After my grandfather died I was cleaning out some of his things. I found a very old book. Probably half the height of an A4 page. from Taronga. the prices are in pounds, it has pictures of a young bull elephant giving rides, baby bear cubs being hand raised, tigers, leopards etc. very interesting book, very old, good condition. can't find a date on it though.
Slightly off topic, but that's exactly my criticism of most Zoo websites nowadays. They increasingly omit any reference to their own animals at all and have become extremely 'impersonal' by doing this.
I couldnt agree more! I collect guide books from the zoos i visit, and i am sick of getting the same info about the animals everywhere i go. The good guides and the good zoos have info on THEIR animals, and not only the species itself.
if any one wants aussie ones, i can easily pick guide books up from zoos i visit, most aveagre about $4 aussie dollars. i have lots of western plains zoo ones, often about 3 copies of each, so if anyone overseas has dubbo zoo anything please get onto me!
I collect zoo guide books too. If anyone wants to swap or sell their spares let me know what you've got! [email protected]
i've got some early 80's taronga (you know the ones that had the red panda on the front) a melbourne zoo guidebook. the melbourne one has some oddities i don't much remember. in it are common hippo housed in what looks to be like the old concrete and brick hippo pools that used to house the pygmies next door to the old elephant exhibit (this was demolished in the very early 90's to make way for the japanese garden). the bengal tigers were housed in an exhibit i certainly don't remember, grassy, it had tall concrete walls on all sides. at a guess i'm thinking this may have been one of the old bear pits that are now apparently buried. there were juaguar cubs. teh old baboon cages held a lot more primates. mandrill and ring-tailed lemurs. i certainly remeber mandrill and de brazza in there when i was a kid. the lemur islands had a family of lar gibbons. i believe these animals are the ones at gorge wildlife park and last i saw, they are still "owned" by melbourne zoo. the australian section was much bigger. and naturally, the zoo held a lot more ungulates than they do now, llamas, eland, red deer, barbary sheep etc..
Memories..... light the corners of my mind......" - I remember it well Ahhh, the famous "Top six" that became the "Top three"! Yes, there used to be six nice concrete primate "exhibits" up there.

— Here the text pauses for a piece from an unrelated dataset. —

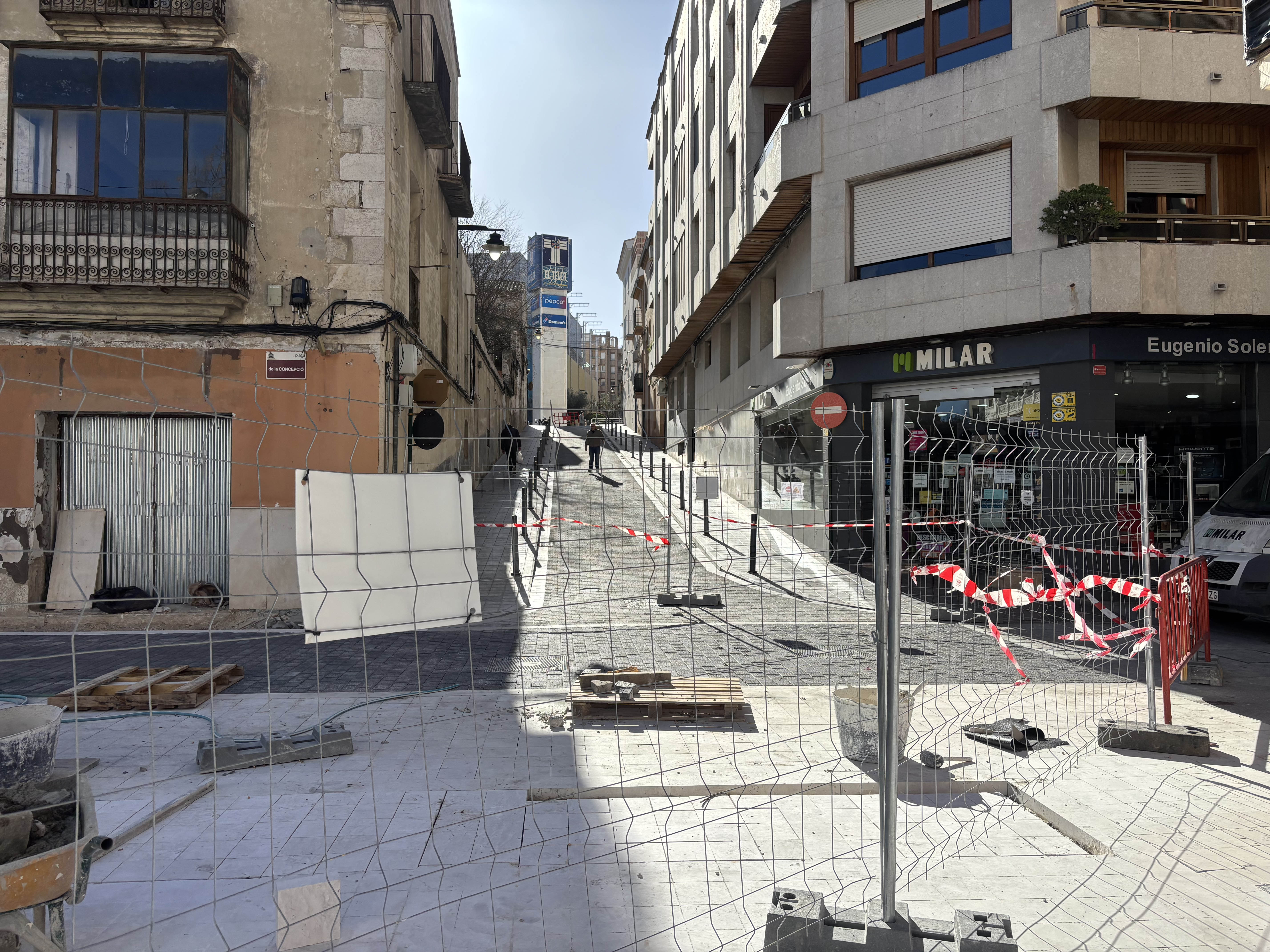 Carrer Músic Úbeda i plaça de la Concepció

Left to right (if memory serves me correctly), Mandrills, Gelada Baboons, Sacred (Hamadryas) Babbons, Ring-tailed Lemurs, Black-Capped Capuchins and Macaques (I must be getting old, can't remeber what species they were - Rhesus, I think?) The six were turned into three about 12 years ago, in an attempt to "beautify" them! Indeedy. There used to be white-handed and Muller's gibbons on the islands - White-handed on the island down the bottom end near the old big cat cages, and Muller's on the island at the back of the kiosk near the Japanese garden.
ah ha!!!! thats why there is still an old primate cage on that island!! they should use it again. there are good views from the bistro (that admittedly i have never, ever eaten at)! geladas! bet theres a few hera who wish they still had em. yes, i too think i can remember macaques at melbourne. pig-tailed? was i right about the hippo? and where was that tiger exhibit? the giraffe exhibit also had a tall mesh fence around it in the photos.